Maybe Apple's  TV+ unveiling was a sign of things to come.

That splashy March reveal, dubbed 'It's Showtime', was just as much about dazzling onlookers with Hollywood star power -- Oprah Winfrey, Jennifer Aniston and Steven Spielberg all made appearances -- as it was about showcasing Apple's new services.

Now, with the November launch of TV+ just weeks away, Apple is seeking to place some of its TV+ content in movie theaters for traditional theatrical runs, the WSJ reported. Apple (AAPL) - Get Report shares closed 0.49% lower on Friday to $218.82.

Apple is reaching out to movie industry representatives with the goal of placing films that will run on TV+ in theaters prior to their streaming release, according to the report. The films would have typical theatrical run of a few weeks before going live on TV+.

Titles that Apple may seek to play in theaters include Sofia Coppola's On the Rocks, due for a mid-2020 release, and a documentary called The Elephant Queen that chronicles an elephant leading her herd through Africa. In the latter case, Apple may seek to place it in theaters in November, the same time it's available on TV+, so that it can be up for awards season.

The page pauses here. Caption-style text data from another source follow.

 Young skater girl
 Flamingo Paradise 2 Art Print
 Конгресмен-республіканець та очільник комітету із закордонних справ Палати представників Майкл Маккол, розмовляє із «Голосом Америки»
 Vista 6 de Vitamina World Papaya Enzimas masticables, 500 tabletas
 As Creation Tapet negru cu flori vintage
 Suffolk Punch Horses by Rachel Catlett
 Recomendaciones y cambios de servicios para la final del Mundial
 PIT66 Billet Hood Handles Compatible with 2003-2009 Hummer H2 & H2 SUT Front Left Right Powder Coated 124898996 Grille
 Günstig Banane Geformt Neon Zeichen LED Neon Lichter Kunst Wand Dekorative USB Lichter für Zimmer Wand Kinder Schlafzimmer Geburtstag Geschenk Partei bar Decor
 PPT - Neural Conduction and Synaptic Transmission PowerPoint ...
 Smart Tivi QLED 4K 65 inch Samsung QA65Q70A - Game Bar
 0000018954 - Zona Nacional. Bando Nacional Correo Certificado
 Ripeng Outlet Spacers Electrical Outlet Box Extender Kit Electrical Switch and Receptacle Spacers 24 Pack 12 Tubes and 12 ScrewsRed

The theatrical strategy follows earlier signs that Apple is focused on quality over quantity -- just a few dozen original shows or movies have been announced for TV+, to be rolled out over the coming months. For film projects, Apple is planning to finance six projects per year to the tune of $5 million to $30 million apiece, with a goal of making it to the Academy Awards.

It isn't just glamour and ego driving such a goal -- there's a good business case for chasing theatrical releases and award nominations. It's one that rival Netflix (NFLX) - Get Report has leveraged with some success.

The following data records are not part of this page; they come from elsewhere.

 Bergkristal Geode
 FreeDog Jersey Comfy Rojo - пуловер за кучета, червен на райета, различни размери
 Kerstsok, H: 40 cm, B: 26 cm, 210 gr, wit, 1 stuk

Award nominations may get some viewers more interested in watching a movie. But more importantly, they also make it easier for Hollywood upstarts like Netflix, Apple and Amazon (AMZN) - Get Report to attract top acting and production talent to projects. On an earnings call in January, Netflix content chief discussed the reasoning behind the company's theatrical ambitions with Roma, which had a limited theatrical run and wound up winning three Academy Awards. 

"It's good for the industry to know, it's good for the creative community to know, it's good for fans to know that we're at a time when we're growing big audience films like that," Netflix Chief Content Officer Ted Sarandos said at the time. 

Award nominations aren't just bells and whistles -- in a time when wealthy tech firms are crowding into the entertainment market, money alone isn't enough to lure in the best creative talent, according to Allen Adamson, professor at NYU's Stern School of Business and founder of brand strategy firm Metaforce.

"It's a top-down market, and the Oscars and Golden Globes create an aura of creative excellence that trickles down," he told TheStreet.